* [Activity]
Every line of the data below must be given again exactly.

# # # #

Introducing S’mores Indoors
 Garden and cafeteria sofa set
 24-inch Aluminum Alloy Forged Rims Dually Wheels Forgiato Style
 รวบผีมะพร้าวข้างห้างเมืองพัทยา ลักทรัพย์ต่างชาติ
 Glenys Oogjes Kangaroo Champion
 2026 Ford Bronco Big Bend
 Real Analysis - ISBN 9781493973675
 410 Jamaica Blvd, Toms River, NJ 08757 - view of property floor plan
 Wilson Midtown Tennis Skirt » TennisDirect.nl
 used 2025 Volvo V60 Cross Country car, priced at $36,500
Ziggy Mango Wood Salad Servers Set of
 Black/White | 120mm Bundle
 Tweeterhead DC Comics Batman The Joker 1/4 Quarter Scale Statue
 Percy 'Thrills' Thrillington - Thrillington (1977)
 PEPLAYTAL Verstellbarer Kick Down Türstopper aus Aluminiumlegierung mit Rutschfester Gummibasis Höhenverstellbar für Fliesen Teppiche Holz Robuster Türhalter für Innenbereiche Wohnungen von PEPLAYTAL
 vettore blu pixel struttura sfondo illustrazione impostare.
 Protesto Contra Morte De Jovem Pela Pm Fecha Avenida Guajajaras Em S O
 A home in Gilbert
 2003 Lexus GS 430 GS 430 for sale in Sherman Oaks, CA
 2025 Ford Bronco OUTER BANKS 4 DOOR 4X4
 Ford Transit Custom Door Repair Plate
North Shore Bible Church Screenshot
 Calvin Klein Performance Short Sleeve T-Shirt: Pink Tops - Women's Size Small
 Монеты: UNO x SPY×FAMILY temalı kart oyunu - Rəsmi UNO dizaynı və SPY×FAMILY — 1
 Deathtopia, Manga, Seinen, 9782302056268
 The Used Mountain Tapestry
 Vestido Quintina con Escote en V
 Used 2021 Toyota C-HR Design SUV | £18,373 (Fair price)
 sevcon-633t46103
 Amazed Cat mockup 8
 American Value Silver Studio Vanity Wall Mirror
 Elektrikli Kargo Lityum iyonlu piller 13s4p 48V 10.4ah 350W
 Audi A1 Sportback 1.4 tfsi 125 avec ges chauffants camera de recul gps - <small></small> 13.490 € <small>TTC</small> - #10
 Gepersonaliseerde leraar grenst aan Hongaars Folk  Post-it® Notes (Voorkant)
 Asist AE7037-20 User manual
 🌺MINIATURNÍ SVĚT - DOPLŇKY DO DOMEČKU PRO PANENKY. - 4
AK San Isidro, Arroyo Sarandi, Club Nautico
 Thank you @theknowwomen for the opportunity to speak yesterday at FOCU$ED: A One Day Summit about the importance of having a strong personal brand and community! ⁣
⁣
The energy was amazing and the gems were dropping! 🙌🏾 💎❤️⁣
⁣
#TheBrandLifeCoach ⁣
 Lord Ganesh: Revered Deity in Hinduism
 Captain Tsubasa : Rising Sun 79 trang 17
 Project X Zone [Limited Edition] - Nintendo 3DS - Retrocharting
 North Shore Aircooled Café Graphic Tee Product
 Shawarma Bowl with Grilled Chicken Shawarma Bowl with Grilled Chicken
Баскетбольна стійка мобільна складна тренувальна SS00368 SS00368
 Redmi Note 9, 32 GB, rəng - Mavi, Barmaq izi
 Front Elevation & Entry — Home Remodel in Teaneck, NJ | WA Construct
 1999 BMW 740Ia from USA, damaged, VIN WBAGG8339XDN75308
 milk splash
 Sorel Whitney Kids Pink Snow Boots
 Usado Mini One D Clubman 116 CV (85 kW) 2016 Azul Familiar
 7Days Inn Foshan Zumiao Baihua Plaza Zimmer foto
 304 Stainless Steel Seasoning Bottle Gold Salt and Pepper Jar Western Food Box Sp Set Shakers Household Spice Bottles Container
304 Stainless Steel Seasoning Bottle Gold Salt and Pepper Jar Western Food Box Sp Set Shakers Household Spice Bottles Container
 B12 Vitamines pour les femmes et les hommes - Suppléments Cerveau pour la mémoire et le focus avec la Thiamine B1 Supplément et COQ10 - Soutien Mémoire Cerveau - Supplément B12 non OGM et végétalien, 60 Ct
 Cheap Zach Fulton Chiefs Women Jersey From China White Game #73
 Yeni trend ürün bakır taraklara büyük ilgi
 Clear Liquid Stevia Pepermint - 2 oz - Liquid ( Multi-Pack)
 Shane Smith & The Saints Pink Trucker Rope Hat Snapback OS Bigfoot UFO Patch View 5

# # # #

* [Answer]
Introducing S’mores Indoors
 Garden and cafeteria sofa set
 24-inch Aluminum Alloy Forged Rims Dually Wheels Forgiato Style
 รวบผีมะพร้าวข้างห้างเมืองพัทยา ลักทรัพย์ต่างชาติ
 Glenys Oogjes Kangaroo Champion
 2026 Ford Bronco Big Bend
 Real Analysis - ISBN 9781493973675
 410 Jamaica Blvd, Toms River, NJ 08757 - view of property floor plan
 Wilson Midtown Tennis Skirt » TennisDirect.nl
 used 2025 Volvo V60 Cross Country car, priced at $36,500
Ziggy Mango Wood Salad Servers Set of
 Black/White | 120mm Bundle
 Tweeterhead DC Comics Batman The Joker 1/4 Quarter Scale Statue
 Percy 'Thrills' Thrillington - Thrillington (1977)
 PEPLAYTAL Verstellbarer Kick Down Türstopper aus Aluminiumlegierung mit Rutschfester Gummibasis Höhenverstellbar für Fliesen Teppiche Holz Robuster Türhalter für Innenbereiche Wohnungen von PEPLAYTAL
 vettore blu pixel struttura sfondo illustrazione impostare.
 Protesto Contra Morte De Jovem Pela Pm Fecha Avenida Guajajaras Em S O
 A home in Gilbert
 2003 Lexus GS 430 GS 430 for sale in Sherman Oaks, CA
 2025 Ford Bronco OUTER BANKS 4 DOOR 4X4
 Ford Transit Custom Door Repair Plate
North Shore Bible Church Screenshot
 Calvin Klein Performance Short Sleeve T-Shirt: Pink Tops - Women's Size Small
 Монеты: UNO x SPY×FAMILY temalı kart oyunu - Rəsmi UNO dizaynı və SPY×FAMILY — 1
 Deathtopia, Manga, Seinen, 9782302056268
 The Used Mountain Tapestry
 Vestido Quintina con Escote en V
 Used 2021 Toyota C-HR Design SUV | £18,373 (Fair price)
 sevcon-633t46103
 Amazed Cat mockup 8
 American Value Silver Studio Vanity Wall Mirror
 Elektrikli Kargo Lityum iyonlu piller 13s4p 48V 10.4ah 350W
 Audi A1 Sportback 1.4 tfsi 125 avec ges chauffants camera de recul gps - <small></small> 13.490 € <small>TTC</small> - #10
 Gepersonaliseerde leraar grenst aan Hongaars Folk  Post-it® Notes (Voorkant)
 Asist AE7037-20 User manual
 🌺MINIATURNÍ SVĚT - DOPLŇKY DO DOMEČKU PRO PANENKY. - 4
AK San Isidro, Arroyo Sarandi, Club Nautico
 Thank you @theknowwomen for the opportunity to speak yesterday at FOCU$ED: A One Day Summit about the importance of having a strong personal brand and community! ⁣
⁣
The energy was amazing and the gems were dropping! 🙌🏾 💎❤️⁣
⁣
#TheBrandLifeCoach ⁣
 Lord Ganesh: Revered Deity in Hinduism
 Captain Tsubasa : Rising Sun 79 trang 17
 Project X Zone [Limited Edition] - Nintendo 3DS - Retrocharting
 North Shore Aircooled Café Graphic Tee Product
 Shawarma Bowl with Grilled Chicken Shawarma Bowl with Grilled Chicken
Баскетбольна стійка мобільна складна тренувальна SS00368 SS00368
 Redmi Note 9, 32 GB, rəng - Mavi, Barmaq izi
 Front Elevation & Entry — Home Remodel in Teaneck, NJ | WA Construct
 1999 BMW 740Ia from USA, damaged, VIN WBAGG8339XDN75308
 milk splash
 Sorel Whitney Kids Pink Snow Boots
 Usado Mini One D Clubman 116 CV (85 kW) 2016 Azul Familiar
 7Days Inn Foshan Zumiao Baihua Plaza Zimmer foto
 304 Stainless Steel Seasoning Bottle Gold Salt and Pepper Jar Western Food Box Sp Set Shakers Household Spice Bottles Container
304 Stainless Steel Seasoning Bottle Gold Salt and Pepper Jar Western Food Box Sp Set Shakers Household Spice Bottles Container
 B12 Vitamines pour les femmes et les hommes - Suppléments Cerveau pour la mémoire et le focus avec la Thiamine B1 Supplément et COQ10 - Soutien Mémoire Cerveau - Supplément B12 non OGM et végétalien, 60 Ct
 Cheap Zach Fulton Chiefs Women Jersey From China White Game #73
 Yeni trend ürün bakır taraklara büyük ilgi
 Clear Liquid Stevia Pepermint - 2 oz - Liquid ( Multi-Pack)
 Shane Smith & The Saints Pink Trucker Rope Hat Snapback OS Bigfoot UFO Patch View 5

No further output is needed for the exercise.